# Instructions for the task
Return the opening lines of the material, word for word. End with the line that contains "for sale village farm Melay Haute-Marne 35".

# Excerpted data
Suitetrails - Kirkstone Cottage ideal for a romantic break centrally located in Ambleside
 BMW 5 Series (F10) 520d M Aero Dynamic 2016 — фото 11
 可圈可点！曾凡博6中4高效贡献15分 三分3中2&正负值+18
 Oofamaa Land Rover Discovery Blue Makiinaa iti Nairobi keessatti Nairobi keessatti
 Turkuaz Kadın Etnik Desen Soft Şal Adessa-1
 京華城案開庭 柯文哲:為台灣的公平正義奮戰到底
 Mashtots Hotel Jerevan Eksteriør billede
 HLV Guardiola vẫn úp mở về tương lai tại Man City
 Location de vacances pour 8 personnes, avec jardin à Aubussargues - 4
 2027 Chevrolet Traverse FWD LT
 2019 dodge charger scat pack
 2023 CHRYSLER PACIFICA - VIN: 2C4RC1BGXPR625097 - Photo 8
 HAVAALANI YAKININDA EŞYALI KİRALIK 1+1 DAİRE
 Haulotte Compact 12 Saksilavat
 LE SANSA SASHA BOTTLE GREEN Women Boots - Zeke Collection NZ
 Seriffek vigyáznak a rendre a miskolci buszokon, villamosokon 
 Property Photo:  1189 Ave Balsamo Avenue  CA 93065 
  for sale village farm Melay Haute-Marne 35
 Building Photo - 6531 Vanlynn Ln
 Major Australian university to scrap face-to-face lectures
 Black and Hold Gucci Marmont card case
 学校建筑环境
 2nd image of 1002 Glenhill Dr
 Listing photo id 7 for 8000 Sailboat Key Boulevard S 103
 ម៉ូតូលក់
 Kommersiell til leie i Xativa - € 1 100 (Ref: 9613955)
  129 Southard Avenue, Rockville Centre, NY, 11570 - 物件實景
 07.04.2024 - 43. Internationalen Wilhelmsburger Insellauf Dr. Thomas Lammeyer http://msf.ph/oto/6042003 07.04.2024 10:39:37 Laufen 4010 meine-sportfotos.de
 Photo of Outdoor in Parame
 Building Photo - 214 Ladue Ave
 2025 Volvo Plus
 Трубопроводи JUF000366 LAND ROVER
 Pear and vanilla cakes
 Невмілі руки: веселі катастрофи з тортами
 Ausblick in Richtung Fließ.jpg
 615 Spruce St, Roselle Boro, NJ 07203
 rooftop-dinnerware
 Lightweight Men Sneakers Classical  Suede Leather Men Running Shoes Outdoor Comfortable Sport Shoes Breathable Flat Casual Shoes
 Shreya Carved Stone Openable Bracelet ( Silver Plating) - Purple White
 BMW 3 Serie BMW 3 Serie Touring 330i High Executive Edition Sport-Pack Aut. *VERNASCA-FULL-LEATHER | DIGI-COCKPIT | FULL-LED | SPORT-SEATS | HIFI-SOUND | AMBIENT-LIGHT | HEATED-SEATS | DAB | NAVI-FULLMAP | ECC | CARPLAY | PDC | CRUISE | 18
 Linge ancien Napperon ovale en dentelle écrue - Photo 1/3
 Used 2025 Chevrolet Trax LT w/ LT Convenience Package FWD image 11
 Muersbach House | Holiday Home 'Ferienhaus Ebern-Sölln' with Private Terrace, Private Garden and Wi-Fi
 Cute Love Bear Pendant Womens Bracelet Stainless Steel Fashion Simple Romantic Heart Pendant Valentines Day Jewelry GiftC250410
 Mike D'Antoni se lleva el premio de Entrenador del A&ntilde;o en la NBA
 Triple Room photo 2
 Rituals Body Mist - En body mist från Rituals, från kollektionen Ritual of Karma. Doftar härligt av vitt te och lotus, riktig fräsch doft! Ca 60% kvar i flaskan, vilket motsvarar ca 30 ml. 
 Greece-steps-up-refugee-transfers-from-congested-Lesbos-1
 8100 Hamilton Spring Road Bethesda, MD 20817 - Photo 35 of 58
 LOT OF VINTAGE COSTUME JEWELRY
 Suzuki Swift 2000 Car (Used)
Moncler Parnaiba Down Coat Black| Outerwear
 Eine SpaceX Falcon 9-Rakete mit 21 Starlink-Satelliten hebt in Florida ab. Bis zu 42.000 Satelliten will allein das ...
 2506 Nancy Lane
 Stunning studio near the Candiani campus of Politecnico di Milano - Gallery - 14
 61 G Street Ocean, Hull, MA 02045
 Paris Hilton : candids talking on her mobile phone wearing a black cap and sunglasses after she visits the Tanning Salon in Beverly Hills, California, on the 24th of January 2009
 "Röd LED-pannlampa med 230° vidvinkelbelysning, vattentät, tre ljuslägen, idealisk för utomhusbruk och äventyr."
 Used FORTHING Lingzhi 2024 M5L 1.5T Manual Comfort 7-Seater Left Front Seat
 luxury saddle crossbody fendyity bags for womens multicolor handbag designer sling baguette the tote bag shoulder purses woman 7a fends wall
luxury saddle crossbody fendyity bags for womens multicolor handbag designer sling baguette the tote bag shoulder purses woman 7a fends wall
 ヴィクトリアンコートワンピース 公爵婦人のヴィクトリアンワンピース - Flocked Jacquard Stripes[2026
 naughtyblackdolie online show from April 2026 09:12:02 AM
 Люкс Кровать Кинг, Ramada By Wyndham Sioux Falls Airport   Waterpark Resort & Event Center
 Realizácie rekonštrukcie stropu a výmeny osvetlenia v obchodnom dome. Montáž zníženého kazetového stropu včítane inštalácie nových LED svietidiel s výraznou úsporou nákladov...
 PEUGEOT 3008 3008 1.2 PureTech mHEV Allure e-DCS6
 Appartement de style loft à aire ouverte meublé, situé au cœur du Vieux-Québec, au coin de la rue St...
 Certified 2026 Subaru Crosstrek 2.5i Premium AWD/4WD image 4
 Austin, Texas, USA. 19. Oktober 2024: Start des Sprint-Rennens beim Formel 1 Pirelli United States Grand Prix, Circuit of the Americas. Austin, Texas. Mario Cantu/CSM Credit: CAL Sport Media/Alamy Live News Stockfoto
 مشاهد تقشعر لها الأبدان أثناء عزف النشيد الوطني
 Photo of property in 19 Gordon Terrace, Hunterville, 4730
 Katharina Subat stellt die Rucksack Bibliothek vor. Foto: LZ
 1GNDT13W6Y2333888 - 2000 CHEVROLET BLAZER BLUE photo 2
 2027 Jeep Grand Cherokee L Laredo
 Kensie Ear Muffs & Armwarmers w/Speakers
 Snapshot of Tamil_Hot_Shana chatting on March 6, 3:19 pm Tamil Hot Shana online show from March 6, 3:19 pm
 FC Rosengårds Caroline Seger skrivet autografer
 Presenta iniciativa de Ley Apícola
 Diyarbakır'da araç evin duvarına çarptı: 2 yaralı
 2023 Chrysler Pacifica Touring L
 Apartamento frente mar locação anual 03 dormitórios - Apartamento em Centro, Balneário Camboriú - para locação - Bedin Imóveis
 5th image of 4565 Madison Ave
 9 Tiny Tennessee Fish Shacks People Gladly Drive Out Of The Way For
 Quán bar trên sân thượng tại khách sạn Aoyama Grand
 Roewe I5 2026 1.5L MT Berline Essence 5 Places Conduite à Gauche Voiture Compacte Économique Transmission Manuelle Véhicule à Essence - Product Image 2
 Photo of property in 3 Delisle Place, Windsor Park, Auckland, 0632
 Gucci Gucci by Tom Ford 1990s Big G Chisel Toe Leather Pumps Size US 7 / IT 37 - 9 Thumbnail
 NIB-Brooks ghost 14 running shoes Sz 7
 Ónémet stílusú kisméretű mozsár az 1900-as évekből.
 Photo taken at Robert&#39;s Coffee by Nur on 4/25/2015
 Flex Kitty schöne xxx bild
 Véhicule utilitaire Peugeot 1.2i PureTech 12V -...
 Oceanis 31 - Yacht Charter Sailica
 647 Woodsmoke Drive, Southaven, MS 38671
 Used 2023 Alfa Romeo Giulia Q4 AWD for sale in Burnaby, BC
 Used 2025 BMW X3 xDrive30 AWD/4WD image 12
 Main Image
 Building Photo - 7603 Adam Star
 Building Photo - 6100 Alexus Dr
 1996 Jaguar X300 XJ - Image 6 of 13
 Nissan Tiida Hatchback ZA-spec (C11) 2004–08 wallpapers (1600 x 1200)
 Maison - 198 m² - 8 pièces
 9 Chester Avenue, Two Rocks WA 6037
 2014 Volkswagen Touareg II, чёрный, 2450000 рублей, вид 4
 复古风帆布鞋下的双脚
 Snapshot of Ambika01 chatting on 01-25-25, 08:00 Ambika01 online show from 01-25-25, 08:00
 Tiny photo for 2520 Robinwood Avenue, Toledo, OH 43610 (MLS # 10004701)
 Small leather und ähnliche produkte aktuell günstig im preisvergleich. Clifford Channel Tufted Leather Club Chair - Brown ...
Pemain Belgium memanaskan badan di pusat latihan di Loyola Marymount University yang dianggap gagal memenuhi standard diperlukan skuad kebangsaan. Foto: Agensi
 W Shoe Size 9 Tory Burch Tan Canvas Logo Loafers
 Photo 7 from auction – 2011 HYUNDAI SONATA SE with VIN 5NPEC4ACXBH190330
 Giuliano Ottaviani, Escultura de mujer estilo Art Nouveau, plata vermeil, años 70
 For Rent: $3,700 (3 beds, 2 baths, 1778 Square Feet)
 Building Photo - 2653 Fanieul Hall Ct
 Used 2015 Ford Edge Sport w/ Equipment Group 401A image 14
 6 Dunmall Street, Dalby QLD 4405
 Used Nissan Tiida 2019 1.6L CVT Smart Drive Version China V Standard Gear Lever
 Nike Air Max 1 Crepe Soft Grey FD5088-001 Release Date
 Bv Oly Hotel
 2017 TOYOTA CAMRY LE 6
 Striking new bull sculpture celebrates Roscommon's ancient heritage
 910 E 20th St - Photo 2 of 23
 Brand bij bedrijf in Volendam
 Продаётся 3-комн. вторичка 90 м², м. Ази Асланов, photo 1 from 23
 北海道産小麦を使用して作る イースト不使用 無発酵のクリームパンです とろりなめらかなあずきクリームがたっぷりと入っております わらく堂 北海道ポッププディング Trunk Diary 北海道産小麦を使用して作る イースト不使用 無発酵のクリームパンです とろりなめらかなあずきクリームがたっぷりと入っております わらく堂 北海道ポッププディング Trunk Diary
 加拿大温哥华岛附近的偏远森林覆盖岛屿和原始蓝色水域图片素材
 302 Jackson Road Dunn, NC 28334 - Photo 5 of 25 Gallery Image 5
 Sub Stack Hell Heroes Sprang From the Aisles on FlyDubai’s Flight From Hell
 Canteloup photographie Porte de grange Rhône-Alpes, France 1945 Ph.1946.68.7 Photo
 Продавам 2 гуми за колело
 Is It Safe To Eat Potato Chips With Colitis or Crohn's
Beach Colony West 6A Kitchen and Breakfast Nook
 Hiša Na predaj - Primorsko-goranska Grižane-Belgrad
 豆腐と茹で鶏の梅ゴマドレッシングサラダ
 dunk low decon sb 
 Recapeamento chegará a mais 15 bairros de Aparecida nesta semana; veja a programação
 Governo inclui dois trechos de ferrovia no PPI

# Problem solution
Suitetrails - Kirkstone Cottage ideal for a romantic break centrally located in Ambleside
 BMW 5 Series (F10) 520d M Aero Dynamic 2016 — фото 11
 可圈可点！曾凡博6中4高效贡献15分 三分3中2&正负值+18
 Oofamaa Land Rover Discovery Blue Makiinaa iti Nairobi keessatti Nairobi keessatti
 Turkuaz Kadın Etnik Desen Soft Şal Adessa-1
 京華城案開庭 柯文哲:為台灣的公平正義奮戰到底
 Mashtots Hotel Jerevan Eksteriør billede
 HLV Guardiola vẫn úp mở về tương lai tại Man City
 Location de vacances pour 8 personnes, avec jardin à Aubussargues - 4
 2027 Chevrolet Traverse FWD LT
 2019 dodge charger scat pack
 2023 CHRYSLER PACIFICA - VIN: 2C4RC1BGXPR625097 - Photo 8
 HAVAALANI YAKININDA EŞYALI KİRALIK 1+1 DAİRE
 Haulotte Compact 12 Saksilavat
 LE SANSA SASHA BOTTLE GREEN Women Boots - Zeke Collection NZ
 Seriffek vigyáznak a rendre a miskolci buszokon, villamosokon 
 Property Photo:  1189 Ave Balsamo Avenue  CA 93065 
  for sale village farm Melay Haute-Marne 35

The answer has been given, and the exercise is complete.